Once Benedict XVI had led us in morning prayer, we were seated and the “runners” went throughout the aula handing out the handsomely bound gray book of “Elenchus Unicus Propositionum,” the synodal propositions that are the fruit of synodal labor over the past two weeks.
The words “sub secreto” were stamped clearly on the cover. While the meaning of “sub secreto” in a Roman context is highly nuanced and has many levels of interpretation, I will follow the strict interpretation of this expression and tell you everything about the propositions without revealing anything of their contents! (If I do otherwise, the Swiss Guards will be writing this diary entry tomorrow night, while the Sistine Choir is singing numerous verses of ” Arrivederci Roma” in my honor).
The 253 synodal fathers submitted 254 synodal propositions last weekend. During the first editing session, led by the “relatore generale” — Cardinal Marc Ouellet — and his team of experts, this number was brought down to 106. In the final editing process, which took into consideration duplications, similar issues, etc., the number was brought to 53 propositions.

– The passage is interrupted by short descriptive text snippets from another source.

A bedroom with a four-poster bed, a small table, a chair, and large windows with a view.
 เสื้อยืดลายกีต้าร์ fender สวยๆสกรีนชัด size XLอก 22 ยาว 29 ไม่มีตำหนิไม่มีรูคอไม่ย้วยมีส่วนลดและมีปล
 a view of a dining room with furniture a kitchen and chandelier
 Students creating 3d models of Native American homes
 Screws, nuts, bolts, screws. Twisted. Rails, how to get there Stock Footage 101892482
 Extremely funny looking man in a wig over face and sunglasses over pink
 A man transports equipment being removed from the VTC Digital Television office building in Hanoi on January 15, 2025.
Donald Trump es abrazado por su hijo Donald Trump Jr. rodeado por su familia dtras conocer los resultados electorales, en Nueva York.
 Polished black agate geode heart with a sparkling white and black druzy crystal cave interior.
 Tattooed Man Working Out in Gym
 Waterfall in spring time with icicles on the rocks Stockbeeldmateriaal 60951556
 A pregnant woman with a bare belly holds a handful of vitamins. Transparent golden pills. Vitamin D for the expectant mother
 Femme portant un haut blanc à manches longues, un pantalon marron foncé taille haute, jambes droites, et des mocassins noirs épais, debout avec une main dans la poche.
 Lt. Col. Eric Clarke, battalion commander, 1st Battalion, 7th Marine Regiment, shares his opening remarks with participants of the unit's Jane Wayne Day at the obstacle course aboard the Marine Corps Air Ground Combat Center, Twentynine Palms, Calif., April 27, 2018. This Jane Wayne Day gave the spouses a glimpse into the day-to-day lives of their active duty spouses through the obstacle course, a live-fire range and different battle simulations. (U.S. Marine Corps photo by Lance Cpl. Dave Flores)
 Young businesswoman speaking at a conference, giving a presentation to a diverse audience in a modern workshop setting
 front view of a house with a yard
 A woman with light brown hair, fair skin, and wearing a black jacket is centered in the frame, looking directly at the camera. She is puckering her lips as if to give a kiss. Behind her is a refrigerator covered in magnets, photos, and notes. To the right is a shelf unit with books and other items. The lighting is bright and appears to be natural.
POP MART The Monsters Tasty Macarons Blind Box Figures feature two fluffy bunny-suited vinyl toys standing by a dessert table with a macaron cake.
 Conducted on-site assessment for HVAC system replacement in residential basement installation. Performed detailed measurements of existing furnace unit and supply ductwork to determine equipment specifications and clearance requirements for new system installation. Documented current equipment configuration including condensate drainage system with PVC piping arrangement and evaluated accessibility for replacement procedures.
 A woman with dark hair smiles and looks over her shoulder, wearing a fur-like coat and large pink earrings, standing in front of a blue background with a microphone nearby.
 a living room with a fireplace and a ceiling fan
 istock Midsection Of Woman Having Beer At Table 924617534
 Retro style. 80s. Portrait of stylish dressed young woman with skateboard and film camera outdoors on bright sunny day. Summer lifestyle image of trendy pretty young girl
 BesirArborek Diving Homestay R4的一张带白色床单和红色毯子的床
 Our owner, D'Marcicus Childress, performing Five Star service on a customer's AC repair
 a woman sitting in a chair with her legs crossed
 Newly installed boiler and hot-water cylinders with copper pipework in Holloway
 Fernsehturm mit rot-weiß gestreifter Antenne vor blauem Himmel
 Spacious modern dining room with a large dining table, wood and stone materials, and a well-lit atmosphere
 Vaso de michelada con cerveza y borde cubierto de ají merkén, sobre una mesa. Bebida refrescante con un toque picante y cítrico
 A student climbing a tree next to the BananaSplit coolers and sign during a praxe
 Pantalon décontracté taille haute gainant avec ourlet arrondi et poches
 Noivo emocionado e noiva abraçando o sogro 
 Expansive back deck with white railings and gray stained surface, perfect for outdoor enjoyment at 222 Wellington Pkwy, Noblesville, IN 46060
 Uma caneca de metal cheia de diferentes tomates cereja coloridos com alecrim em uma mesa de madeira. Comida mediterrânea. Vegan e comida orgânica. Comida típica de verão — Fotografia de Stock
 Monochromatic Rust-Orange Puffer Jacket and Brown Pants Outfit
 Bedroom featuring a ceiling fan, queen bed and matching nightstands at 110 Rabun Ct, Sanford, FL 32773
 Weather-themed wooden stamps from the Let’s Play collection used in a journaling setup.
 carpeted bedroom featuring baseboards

Alternating back and forth, Cardinal Ouellet and Archbishop Laurent Monsengwo Pasinya of Kinshasa, Congo, the special secretary for the synod, began reading the 53 propositions in Latin before the Pope and the entire assembly. The cadence kept up for well over 75 minutes and one almost felt the need to respond to each proposition with “ora pro nobis.” Those sitting at the head table have a very good handle on the Latin language.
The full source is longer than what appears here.